III. Presence of Counsel at Critical Stage

Claims 10 and 11 allege that Williams was denied counsel at a critical stage in the proceedings when counsel withdrew from representation during appeal (Filing No. 1433 at 115, 123). Williams claims that he was without assistance of counsel during direct appeal from March 29 through August 22, 2013. Id. A defendant's right to counsel on appeal is guaranteed by the Fifth Amendment due process clause. United States v. Steele, 518 F.3d 986, 988 (8th Cir. 2008). The Supreme Court of the United States has established "that the right to appointed counsel extends to the first appeal of right, and no further." Pennsylvania v. Finley, 481 U.S. 551, 555, 107 S.Ct. 1990, 95 L.Ed.2d 539 (1987). The right to counsel on appeal does not apply to discretionary appeals. See Id.

In this case, Williams had appellate counsel, Reisinger, during the critical stages of his case. Reisinger prepared and submitted an appellate brief and appeared for oral argument. On March 28, 2013, a month after oral argument, the Eighth Circuit granted Reisinger's motion to withdraw as counsel. Williams' request for appointment of new counsel was denied by the Eighth Circuit. The record indicates that Williams had counsel during the critical stages of his direct appeal, and the due process clause of the Fifth Amendment does not apply to discretionary appeals.

IV. All Other Additional Claims

In Claim 18, Williams alleges that "the government failed to impeach the testimony of Joe Mark Felix: the knowing use of false evidence . . . ." (Filing No. 1433 at 154). The same issue was addressed on direct appeal in Williams' pro se brief. (Entry ID 3977228, CM/ECF p. 103). "With rare exceptions, § 2255 may not be used to relitigate matters decided on direct appeal." Sun Bear v. United States, 644 F.3d 700, 702 (8th Cir. 2011). Therefore, the Court will not relitigate matters that were addressed on direct appeal.
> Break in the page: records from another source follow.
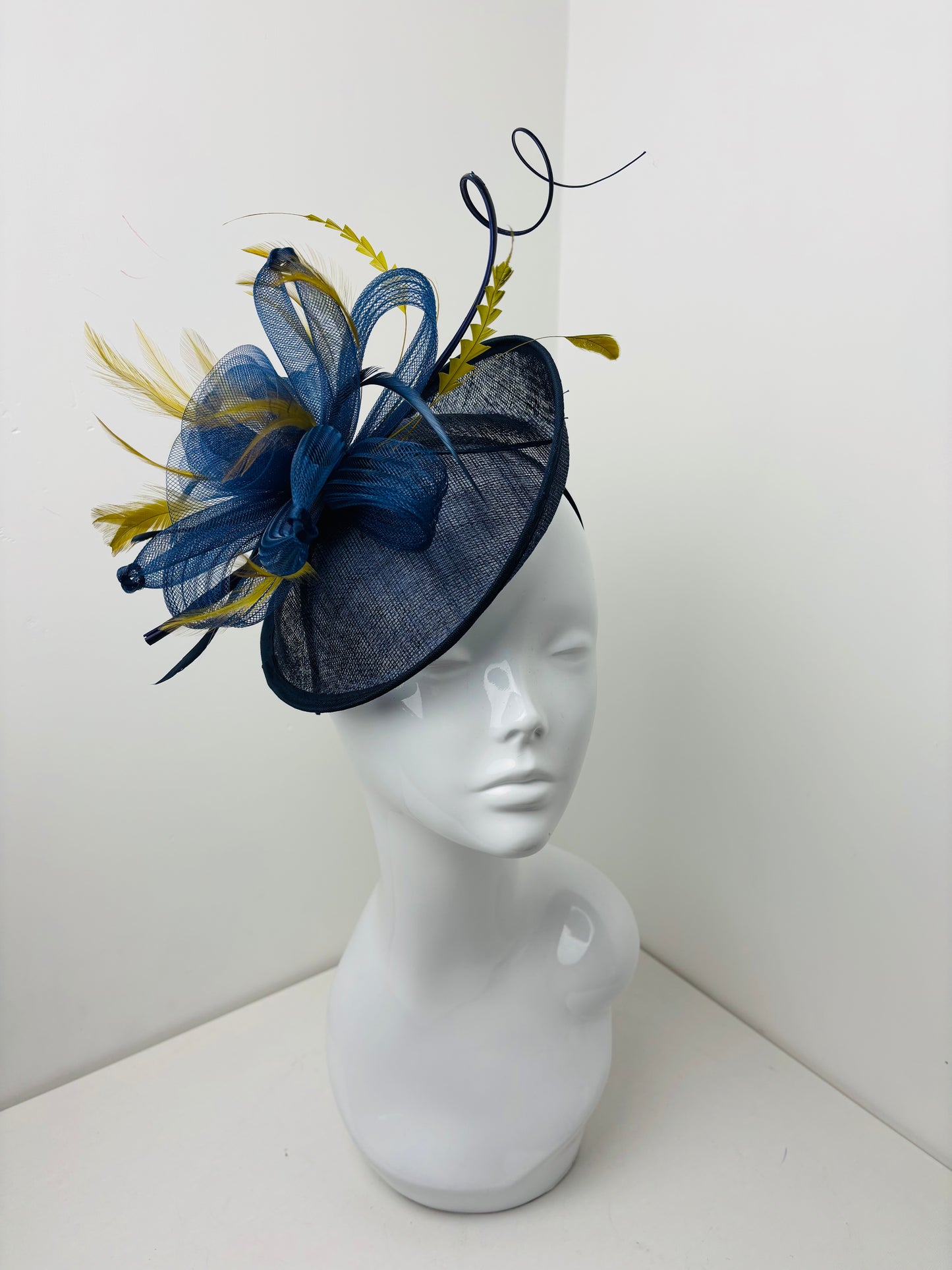 Bespoke Handmade Navy & Chartreuse Disc Feather Fascinator One Off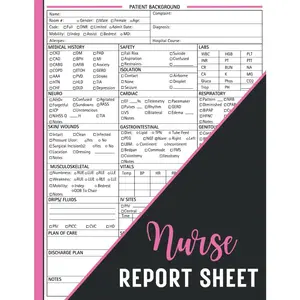 Nurse Report Sheet Notebook Day or Night Shift: Large-Print  Care Documentation Record  - Paperback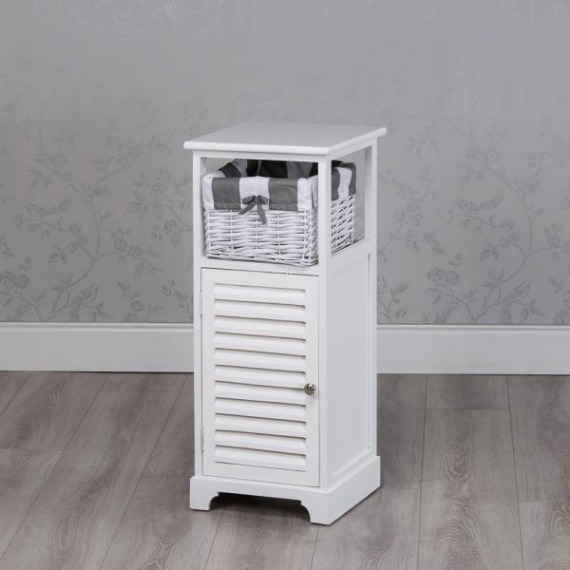Enzo 1 Door 1 Basket Storage Cabinet White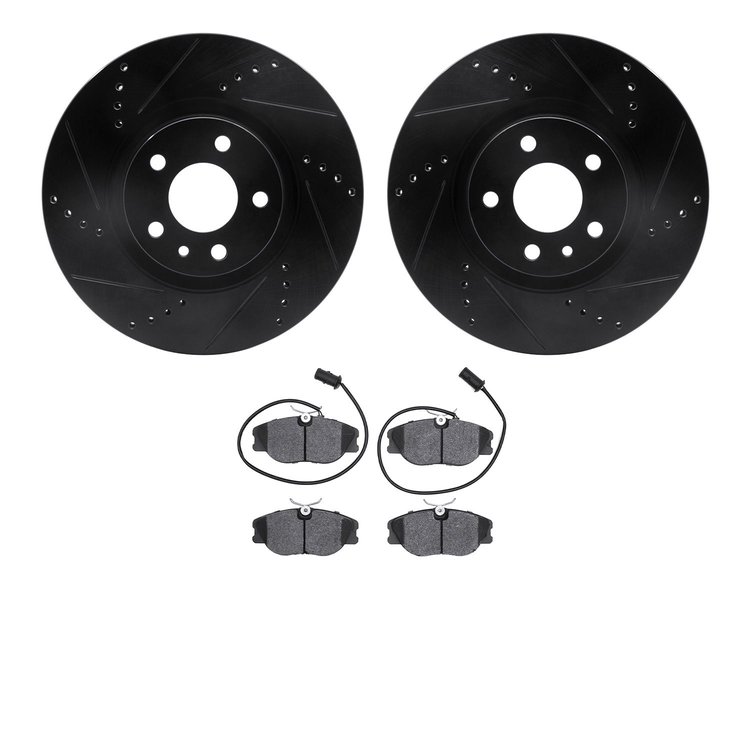 8502-16033 Drilled/Slotted Brake Rotors w/5000 Advanced Brake Pads Kit [Black], 1991-1993 Alfa Romeo, Position: Front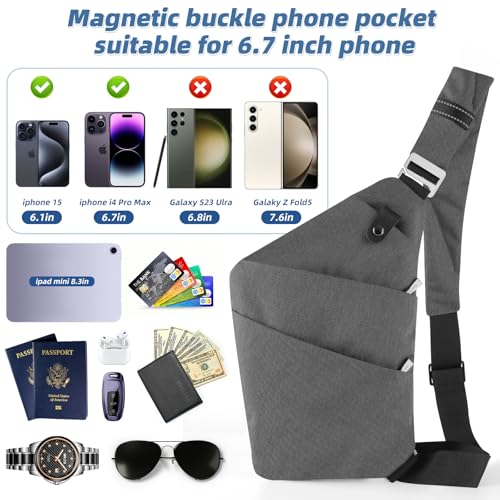VADOO Sling Bag - Anti-theft Crossbody Shoulder Bag for Men and Women - color: Dark Grey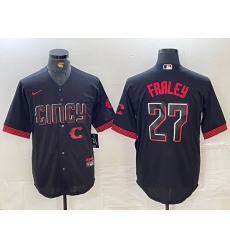 Men Cincinnati Reds 27 Jake Fraley Black 2023 City Connect Cool Base Stitched Baseball Jersey 2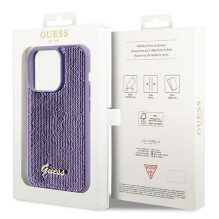 Guess Sequin Script Metalinis dėklas iPhone 15 Pro - violetinis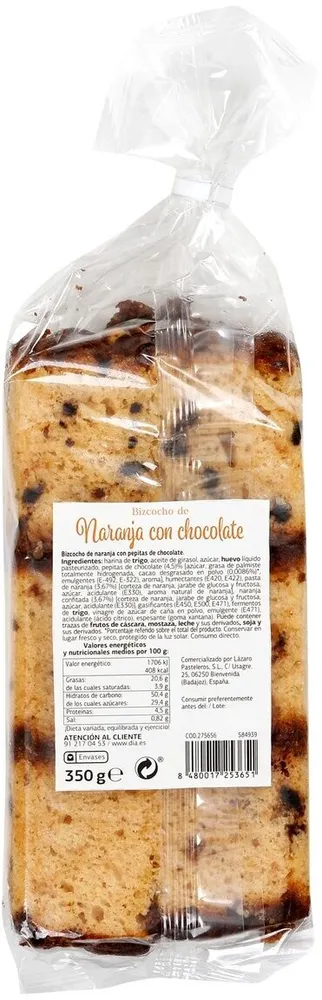 Bizcocho de naranja con chocolate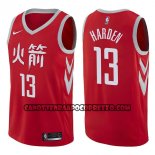 Canotte NBA Rockets James Harden Ciudad 2017-18 Rosso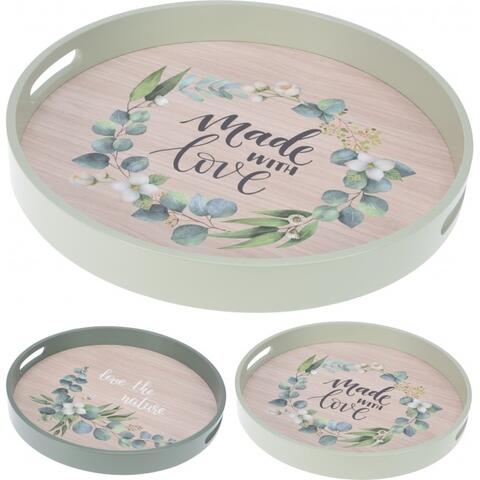 Floral Set Of 2 Round Serving Trays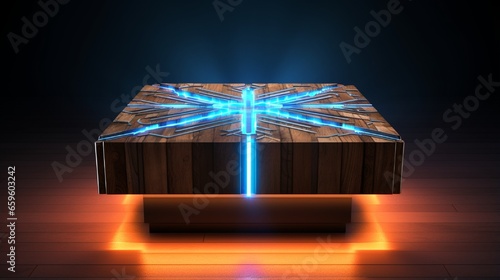 a mosaic wooden podium style decorated with neon lightning photo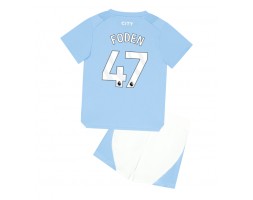 Manchester City Phil Foden #47 Hemmakläder Barn 2023-24 Kortärmad (+ Korta byxor)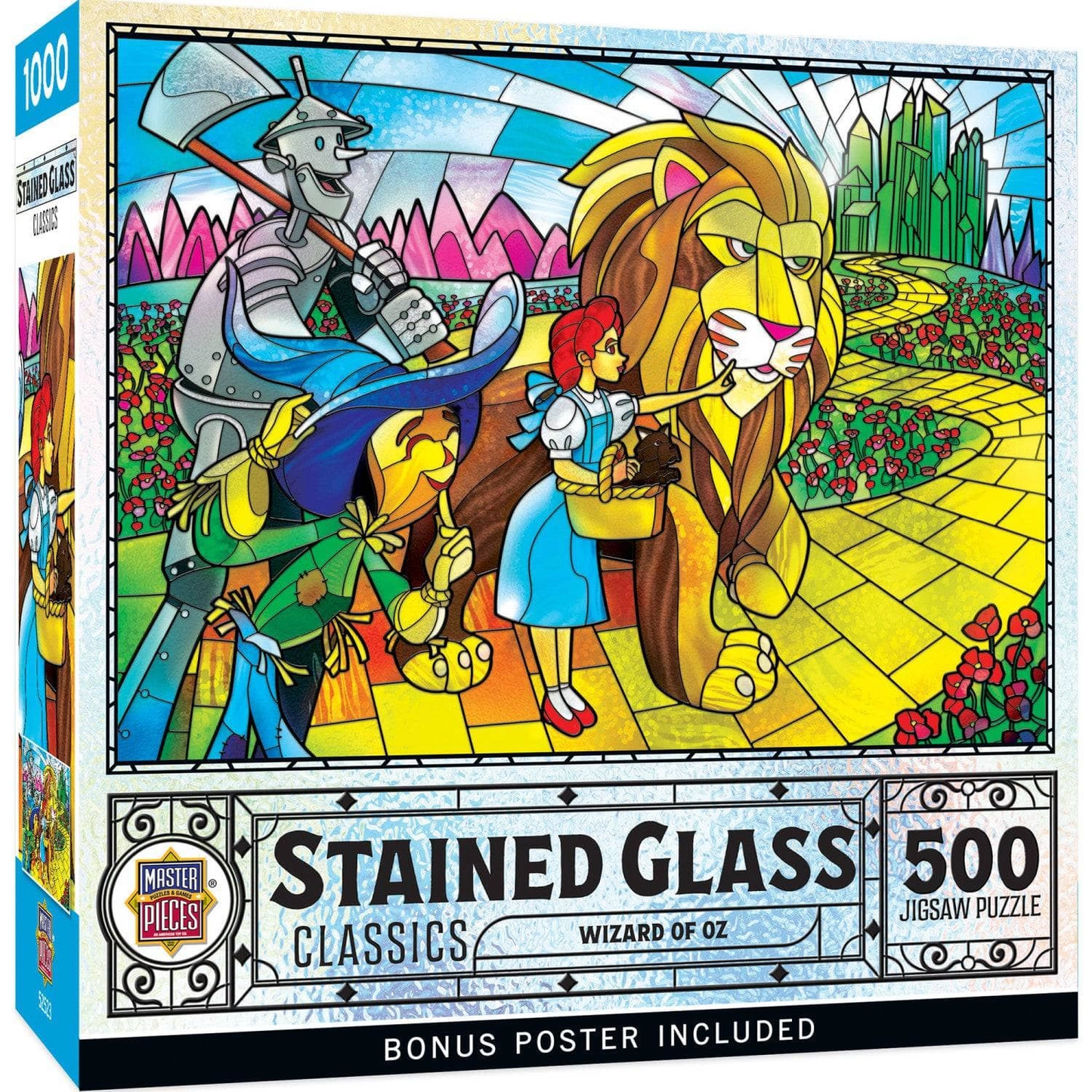 Stained Glass Wizard Oz 500-Piece Puzzle by Country Christmas Loft; Dorothy and Lion glass style on Tampa Home & Garden Store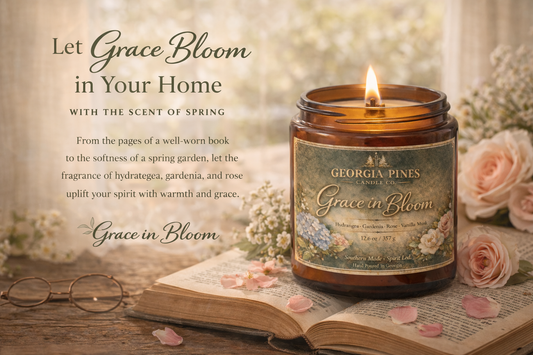 Candle jar labeled 'Grace in Bloom' on an open book with flowers and glasses, featuring text about the scent of spring.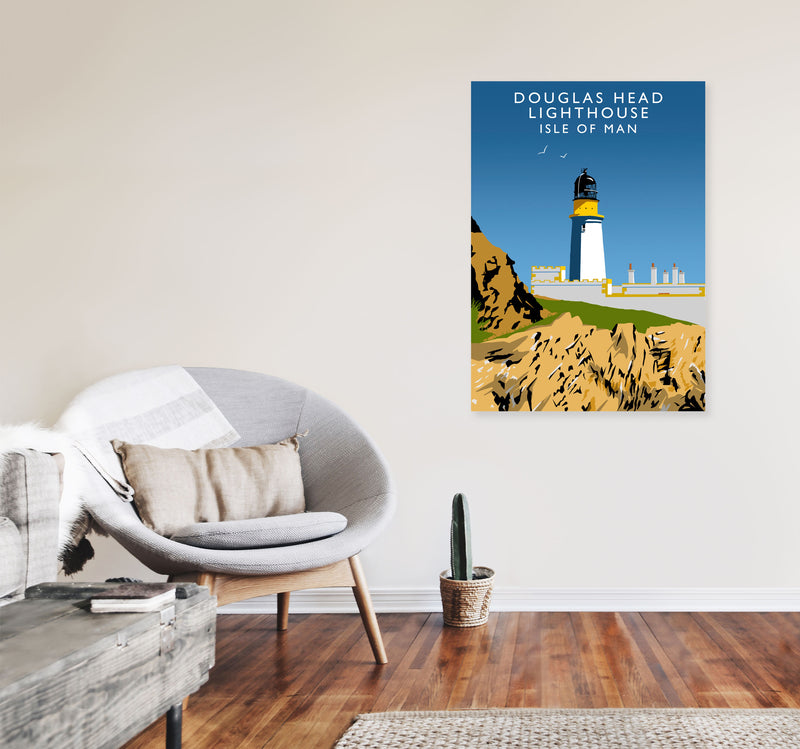 Douglas Head Lighthouse Isle of Man Framed Art Print by Richard O'Neill A1 Black Frame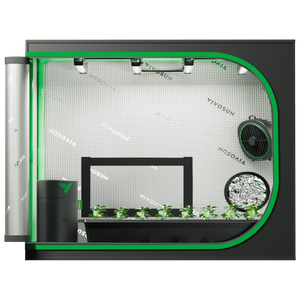 Interior view of a VIVOSUN grow tent with reflective walls, hanging lights, fan, filter, and young plants in a tray.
Claims 22 and 24 allege that the government withheld Brady material during trial. Under Brady v. Maryland, "the suppression by the prosecution of evidence favorable to an accused upon request violates due process where the evidence is material either to guilt or to punishment, irrespective of the good faith or the bad faith of the prosecution." 373 U.S. 83, 87, 83 S.Ct. 1194, 10 L.Ed.2d 215 (1963). Relief under § 2255 is not available to correct errors which could have been raised on direct appeal absent a showing of cause and prejudice, or a showing that the alleged errors were fundamental defects resulting in a complete miscarriage of justice. See United States v. Frady, 456 U.S. 152, 167-68 (1982).

Claim 22 alleges that the government allowed FBI Agent Kevin Hytrek to testify falsely. Claim 24 contends that the government improperly moved to quash Williams' subpoena of Officer Bruck due to an injury. Williams contends that Officer Bruck was working at the time of trial and should have been available to testify. Williams has not shown cause and prejudice for either claim, or that the alleged errors were fundamental defects resulting in a complete miscarriage of justice.

Conclusion

The Court has carefully reviewed Williams' 24 claims. The Court finds that Williams failed to meet his burden under Strickland for the ineffective assistance of counsel claims. The Court also finds Williams had counsel during all critical stages. Finally, all the other additional claims brought by Williams lack merit. Therefore, the Court will deny Williams' motion to vacate, set aside, or correct sentence under § 2255. A separate order will be entered in accordance with this memorandum opinion.